Bank results need to be spelt out

EDITORS LETTER

However, over recent years it has become difficult to represent accurately how banks have fared, as many seem to be increasingly reluctant to break out detailed figures representing forex department results. This made it impossible for us to list the top 30 banks in FX last year as we did in previous years.

Foreign exchange returns are now often a sub-sect of the fixed-income portion of a bank's results, and where this is the case they are not broken out. While banks are often happy to give an often rather vague comment about 'continuing growth' or 'tough markets', they will rarely give hard answers to questions about how the FX desk did compared with last year and why.

In an era where accounting standards are becoming more rigorous and transparency is seen as being of paramount importance when it comes to ensuring good corporate governance, this trend towards increased opacity is worrying. It is understandable that banks will be reluctant to explain why certain business lines did not perform. For those looking to accentuate the positive and gloss over the negative, rolling poor results into a bigger, more rosy picture makes sense on the face of it.

In the long term, however, hiding bad news will backfire.
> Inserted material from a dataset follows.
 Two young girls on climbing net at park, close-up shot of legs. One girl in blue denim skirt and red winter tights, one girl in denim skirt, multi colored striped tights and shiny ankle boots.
If results from a certain part of a business are lacklustre, there are usually good reasons to explain this. Where there are not, the media spotlight can do much to spur an organisation that may not have realised there was a problem to take what may be long-overdue action.

Either way, for those running businesses and for their teams, surely it is healthy to know how you are performing.

Those lobbying for the watering down of accounting standards such as FRS 17 are playing a dangerous game. The rules are being put in place to avoid scandals such as Enron reoccurring. It was Refco's dubious accounting practices that allowed a crooked chief executive to divert funds from one part of a sprawling business to another.

While I am in no way suggesting that banks becoming more vague in reporting FX results will lead to dishonesty, making things explicit will ensure everyone knows where they stand.